As many of you know, I’m the Managing Director of Tidemark. Tidemark is a recruitment process outsourcing company that specializes in sourcing large numbers of candidates for high volume hiring applications. In simple terms, we’re hired to help companies develop a consistent and predictable flow of candidates.
We use many different tools to accomplish this task for a company, and we find that each application needs customization to produce the best results. However, one tool we commonly use is the traditional job board.
There are more than 40,000 job boards on the internet today. The general business model for a job board is to charge a fee to “list” a job on their website. Successful job boards drive a lot of traffic to their sites, and the jobs on the high-traffic sites get viewed by more potential candidates. Theoretically, the price of a job posting on a particular site is related to the traffic a job board can garner. Higher traffic—higher cost per job.
But, reality does not always match the theory. In a business arena where it is difficult to measure and verify common metrics such as internet traffic, it is to our advantage to dig deeper. We advertise very specific jobs in very specific industries. We have an interest in what kind of traffic can be generated to our specific jobs. We also have an interest in knowing how many people viewing our jobs actually turn into applicants.
Although there are a number of other factors that cause results, we eventually boil down this process (from a job board perspective) to a single metric: “advertising cost per applicant.” With this metric we now have a negotiating platform that is based on solid data and reality—our reality.
Over time, we’ve been able to collect data from more than 20 metropolitan areas and track issues such as seasonality, changes in the job market in the industries where we source, and even revenue flowing into our client’s industries. But, everything still filters down to the “advertising cost per applicant” metric.
With this metric in hand, we’re able to cut through the sales and marketing rhetoric offered by a job board as a way to justifying pricing. We question the job board on a very specific issue: can the job board produce enough candidates to support the price that they are suggesting we pay? If their competitors can produce results at a certain “cost per applicant” for our application, doesn’t it make sense that this vendor should be able to meet the same metric? If they can’t meet this standard, they need to lower their prices to meet their competitors—that only makes sense.
In this process, we’re not trying to disparage the vendor; we’re just helping both sides to see the true value of the service for our unique application. Through this process, we’ve saved our clients tens of thousands of dollars in advertising expenses. Tomorrow, I’ll share a specific example of how a negotiation was done with a particular vendor. It will help clarify the concept if I run through an example.

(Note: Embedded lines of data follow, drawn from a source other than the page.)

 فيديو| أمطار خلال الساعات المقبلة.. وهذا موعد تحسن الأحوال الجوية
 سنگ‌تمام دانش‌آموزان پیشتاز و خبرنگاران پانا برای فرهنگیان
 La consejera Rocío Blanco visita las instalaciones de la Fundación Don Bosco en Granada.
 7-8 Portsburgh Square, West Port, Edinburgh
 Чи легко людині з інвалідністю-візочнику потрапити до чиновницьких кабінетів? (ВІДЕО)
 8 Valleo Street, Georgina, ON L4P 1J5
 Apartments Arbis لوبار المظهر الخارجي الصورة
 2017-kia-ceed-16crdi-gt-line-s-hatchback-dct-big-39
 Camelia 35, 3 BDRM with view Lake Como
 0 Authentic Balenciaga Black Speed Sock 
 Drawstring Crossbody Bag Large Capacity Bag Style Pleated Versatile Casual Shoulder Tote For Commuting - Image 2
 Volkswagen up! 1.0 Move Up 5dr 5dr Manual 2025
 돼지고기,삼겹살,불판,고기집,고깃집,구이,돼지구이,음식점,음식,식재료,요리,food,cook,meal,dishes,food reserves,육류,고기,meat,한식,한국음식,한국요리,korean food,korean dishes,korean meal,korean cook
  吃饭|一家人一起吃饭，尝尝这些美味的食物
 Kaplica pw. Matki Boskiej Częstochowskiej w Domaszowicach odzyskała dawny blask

Of course, most of you are not in the recruitment process outsourcing business, so what worked in our business will not directly apply to what you’re doing. But, don’t miss the principle:
Every business process has points of measurement that can be identified and then optimized.
What are the measurement points in your business? If nothing comes to mind, that’s a red flag! If you do have measurement points identified, are they the right ones? In some cases, metrics are overcome by events and need to be adjusted to match a new reality. It may be worth the time to take an inventory of one your business processes and see what can and needs to be measured.